Levend Geloof 1976.01-02 nr. 163

Paasjubel gedicht door Judith Jacobs

(“Ik ben de Opstanding en het Leven” – Joh.11:25)

Zoekt ge Zijn graf nog bij de doden?

Hij ’s opgestaan, Hij ’s hier niet meer;

Vergeefs zult ge Hem blijven zoeken:

Hij is: de opgestane Heer.

 

Geen macht ter wereld kon Hem breken,

Geen steen was Hem te zwaar of groot;

In ’t lege graf vindt ge slechts doeken

Hij is: verrezen uit de dood.

 

Hij wentelt weg “de steen uws harten”,

De losprijs werd door Hem betaald.

Zijn opstanding mag elk beleven.

Hij is: het Licht dat ons bestraalt.

 

Zoekt ge Zijn graf nog bij de doden?

Hebt ge de boodschap niet verstaan?

In Hem is kracht en eeuwig leven

Hij is: Gods Zoon, Hij ’s opgestaan!

 

Het wonder van Pasen door Gert Jan Doornink

Het wonder van Pasen is de overwinning over de dood door Jezus Christus, de Zoon van God. Ieder jaar, als de waarach­tige Christen Paasfeest viert, herdenkt hij dit grote heilsfeit, vol aanbidding en dankbaarheid. Trouwens niet alleen op Pasen, maar voor de echte Christen is het iedere dag Paasfeest. De levende Christus woont immers in zijn hart!

In deze eindtijd, nu de “God-is-dood” theorieën op grote schaal verkondigd worden door theologen en niet-theologen, is het God Zelf die deze leugen theorieën uit het rijk der duisternis aan de kaak stelt, doordat overal echte gelovigen zijn, die zelf het bewijs in zich hebben dat God niet dood is, maar lééft!

Immers de inwonende Geest van de levende God in elk van Zijn kinderen is “het zegel”, “de garantie” daarvan. Dat be­grijpt do wereld niet. Dat kan niemand vatten die zelf nog “in de dood” leeft.
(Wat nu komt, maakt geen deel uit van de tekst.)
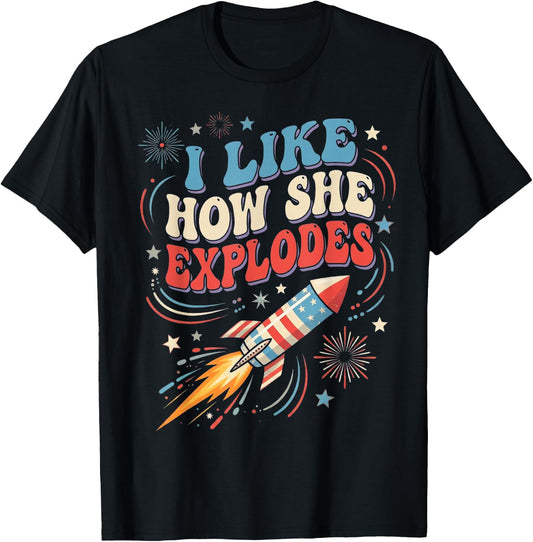 4th of July I Like How She Explodes Funny Couple Match Men T-Shirt - T-Shirt | Black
Zodra iemand echter van een zondaar een kind van God wordt, gaat hij vanuit de dood over in het leven. Hij ver­laat dan het rijk van satan en komt in het Koninkrijk van Jezus Christus. Daarom is het getuigenis van de Gemeente van Jezus Christus: “Hij heeft ons verlost uit de macht der duisternis en overgebracht in het Koninkrijk van de Zoon zij­ner liefde, in wie wij de verlossing hebben, de vergeving der zonden”(Kol. 01:13-14).

“Wie in de Zoon van God gelooft, heeft eeuwig leven; doch wie de Zoon ongehoorzaam is, zal het leven niet zien, maar de toorn Gods blijft op hem”(Joh. 03:36)‘

Als het wonder van Pasen niet was gebeurd, zou deze kerninhoud van het evangelie niet verkondigd er ervaren kunnen worden. Maar thans is het werkelijkheid! Het is waar! Jezus leeft…..en zij die in Hem geloven…..met Hem!

Gelooft u reeds in Hem? Gelooft u in het volbrachte werk van Jezus Christus aan het kruis van Golgotha? Gelooft u in de overwinning over de dood, die Hij bewees door op de Paasmorgen het graf te verlaten en Zich als de levende Heer te openbaren?

Ervaar de realiteit van het echte Christendom: Geloof in de Zoon van de levende God! ‘Beleef het wonder van Pasen!

 

Hemelse energie

U hebt waarschijnlijk ook wel die opvallende adverten­tie gezien in de dagbladen: Een aardbol met daarop een vrijwel geheel opgebrande kaars. Het was een advertentie van het ministerie van economische zaken met de oproep minder energie te gaan gebruiken.

“We halen energie uit de aarde alsof het nooit op kan.. …” “We branden onze bodemschatten steeds sneller op….” “De energie die we eenmaal uit de aarde halen, zit er in de eerste miljoenen jaren niet meer in. En wanneer het energieverbruik blijft toenemen zoals de laatste 25 jaar, hebben we over 14 jaar twee keer zoveel nodig. Terwijl de wereldvoorraad alsmaar slinkt…..”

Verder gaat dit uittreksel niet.